Brief descriptive captions
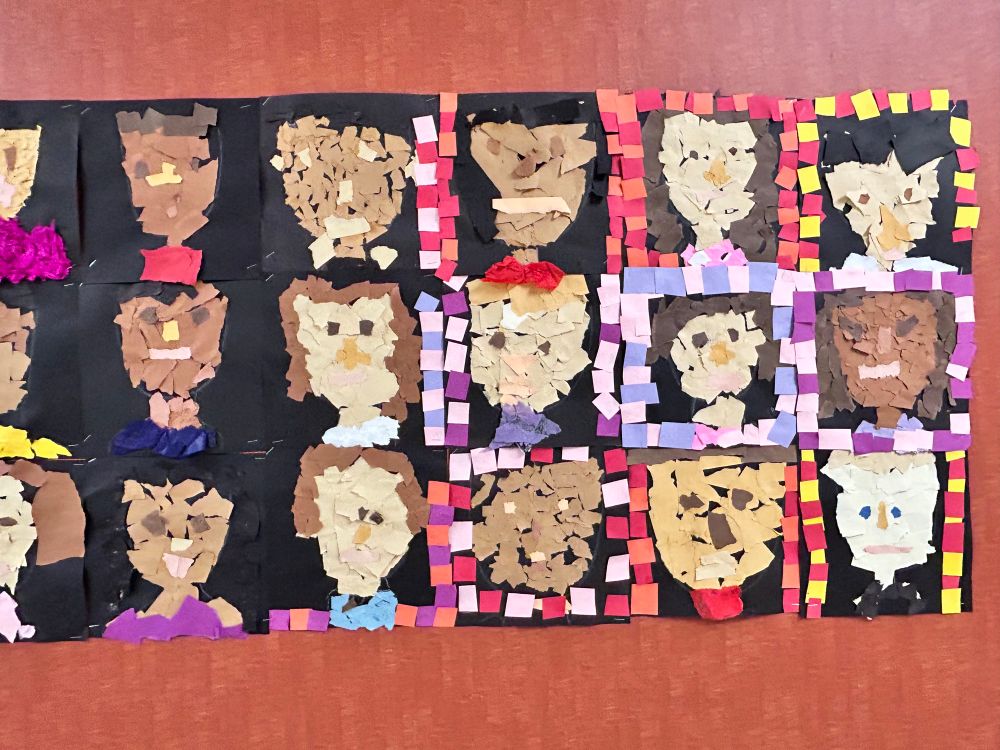 Zoomed in on the artwork. A school hallway bulletin board with student self portrait artwork on it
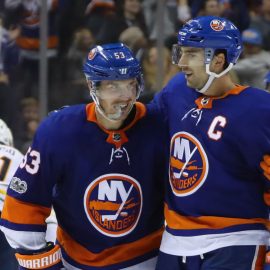 NEW YORK, NY - OCTOBER 07: (l-r) Casey Cizikas #53 and John Tavares #91 of the New York Islanders celebrate Cizikas's empty net goal against the Buffalo Sabres at the Barclays Center on October 7, 2017 in the Brooklyn borough of New York City. The Islanders defeated the Sabres 6-3. (Photo by Bruce Bennett/Getty Images)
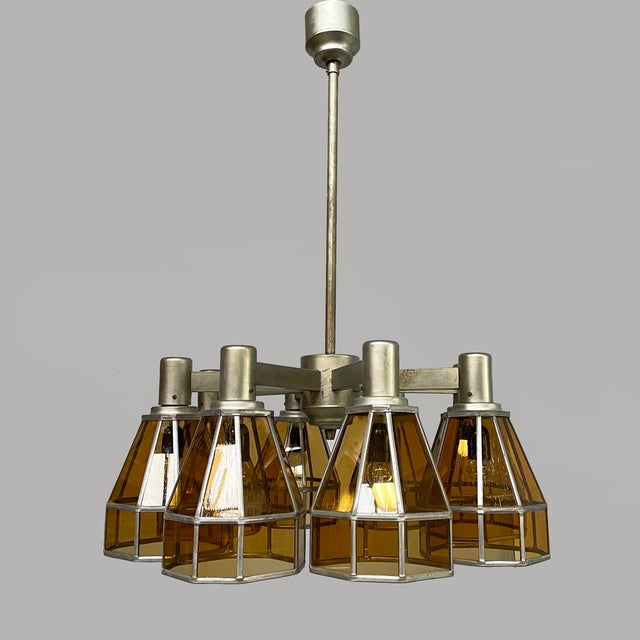 German Art Deco chandelier in yellow glass and metal, 1930s Chandelier with eight yellow glass shades with a metal finish....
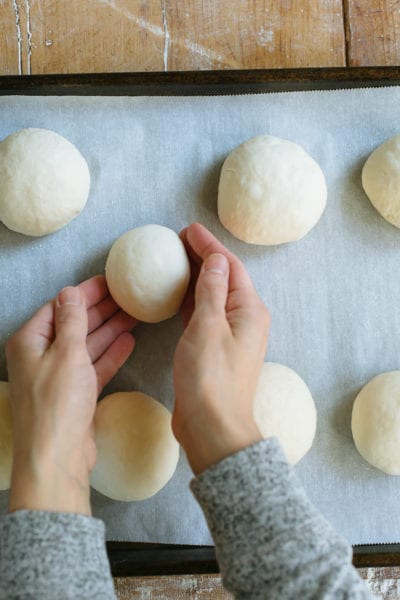 Sourdough bagel dough, shaped into small balls, on a parchment-lined sheet pan.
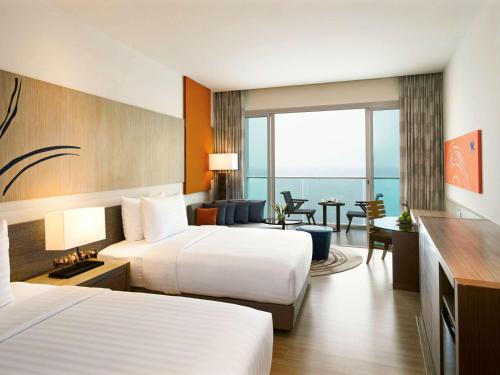 a hotel room with two beds and a view of the ocean at Mövenpick Siam Hotel Na Jomtien Pattaya in Na Jomtien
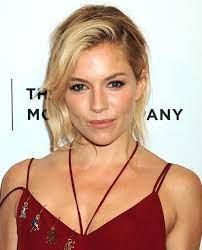 sienna miller promotes high rise in red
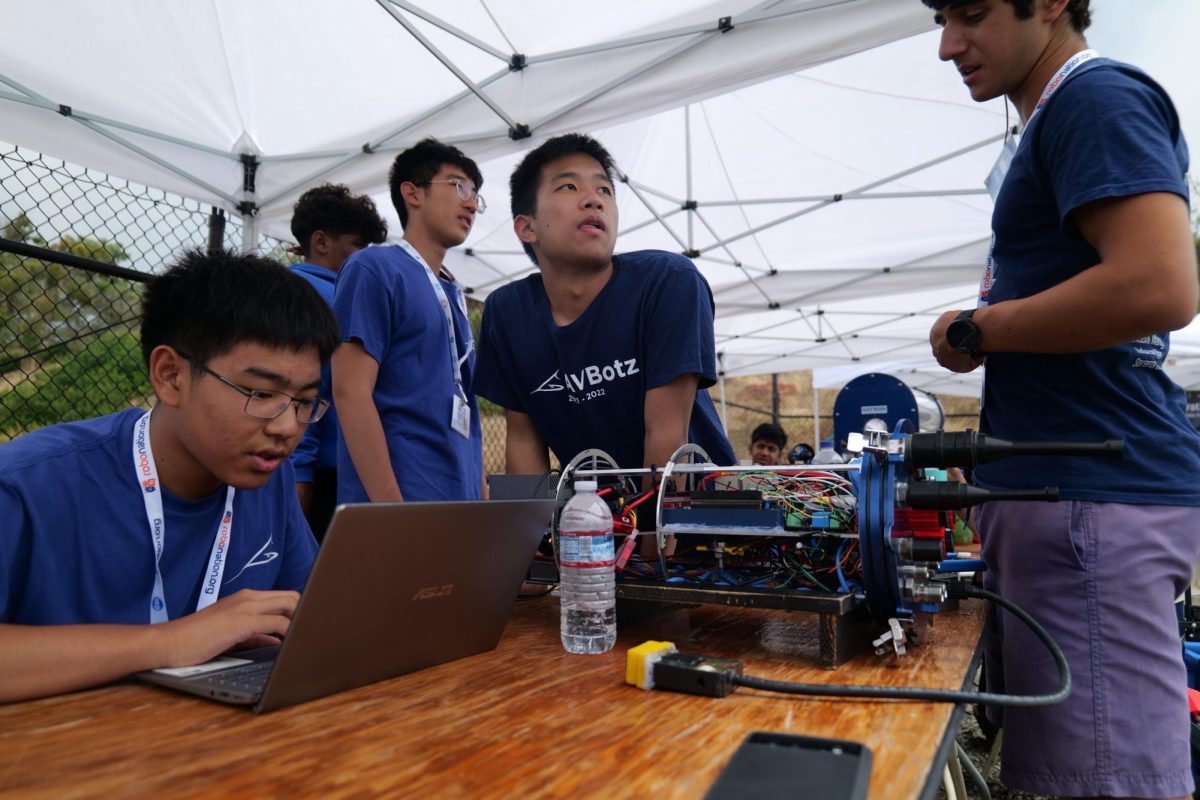 AVBotz team engages in intense delliberations to elevate their RoboSub competition performance.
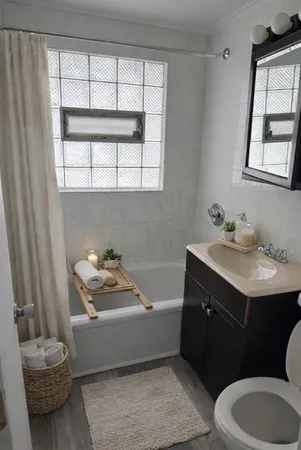 a bathroom with a sink toilet and tub
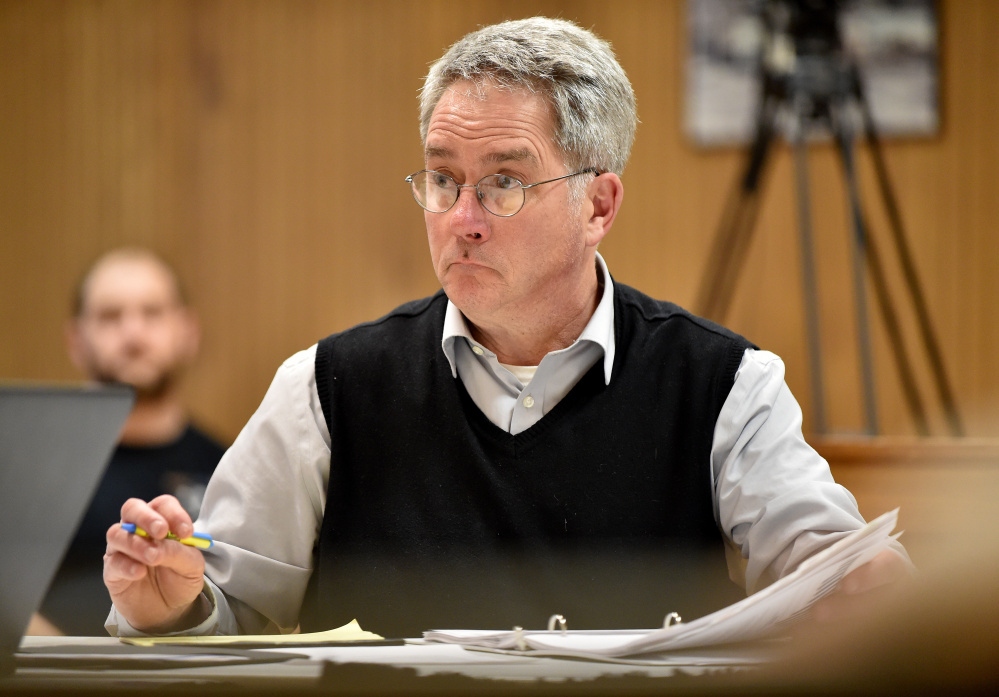 Councilor John O'Donnell listens during a review of budgets in March.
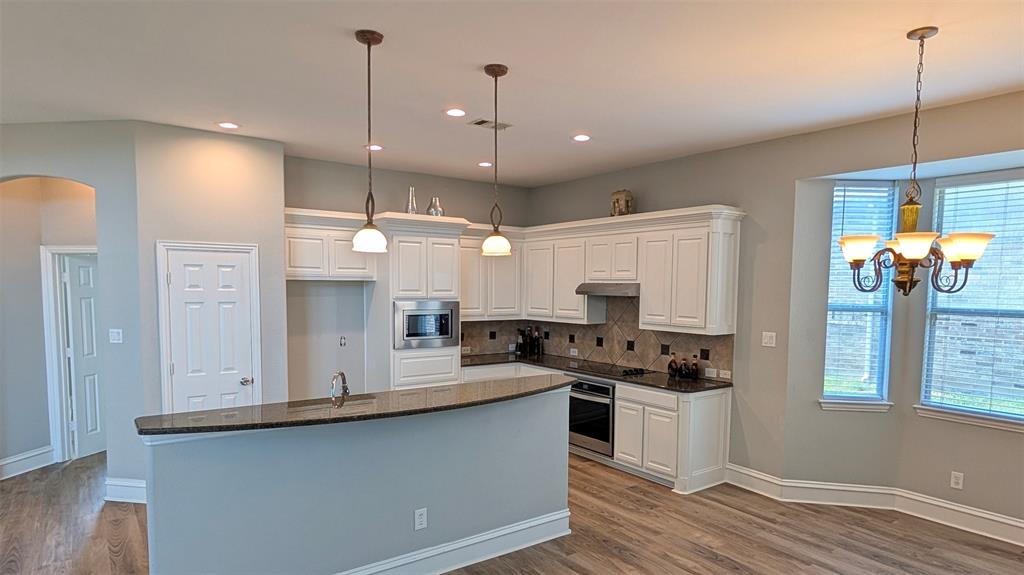 Kitchen featuring white shaker-style cabinetry, dark stone countertops, stainless steel appliances, pendant lighting, and wood-finish flooring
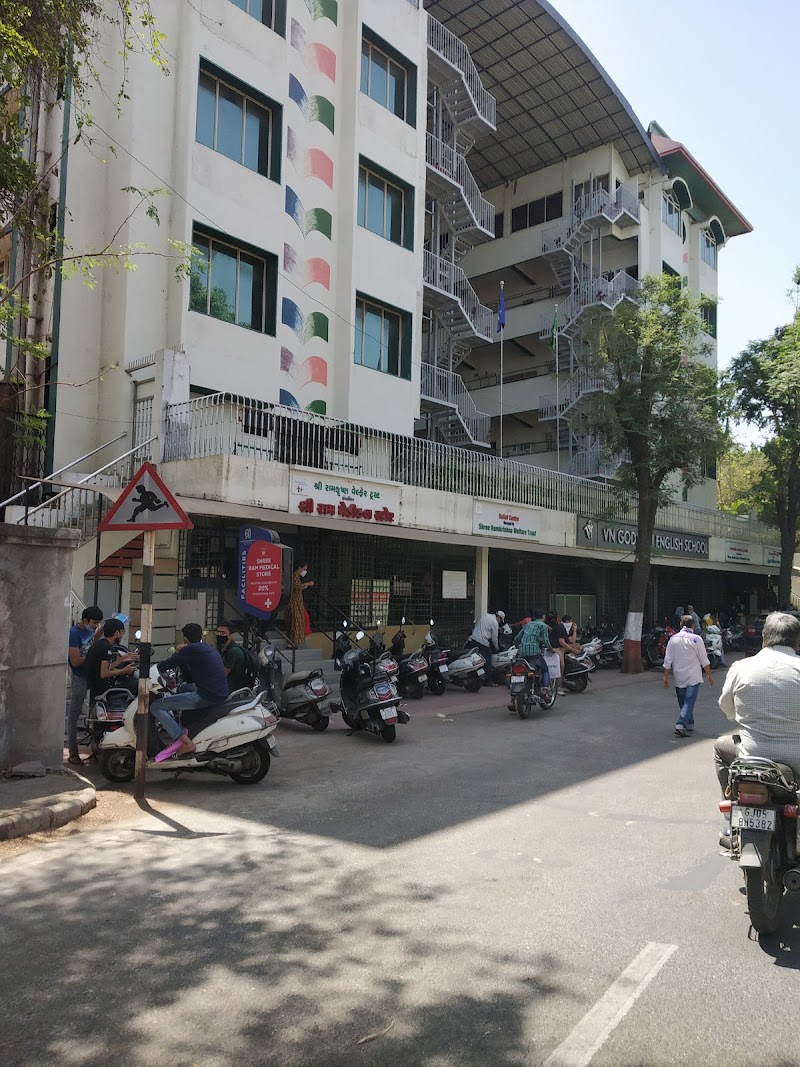 V N Godhani English School logo
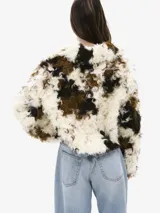 Chaqueta corta de piel sintética con estampado en tonos blanco, marrón y negro, con cierre frontal con gancho metálico.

Exercise requirements:
The lines to reproduce run from the line containing "Kitchen featuring white" through the last line of the records above, both included. Copy them exactly and drop the pictures.

Written solution:
 Kitchen featuring white shaker-style cabinetry, dark stone countertops, stainless steel appliances, pendant lighting, and wood-finish flooring
 V N Godhani English School logo
 Chaqueta corta de piel sintética con estampado en tonos blanco, marrón y negro, con cierre frontal con gancho metálico.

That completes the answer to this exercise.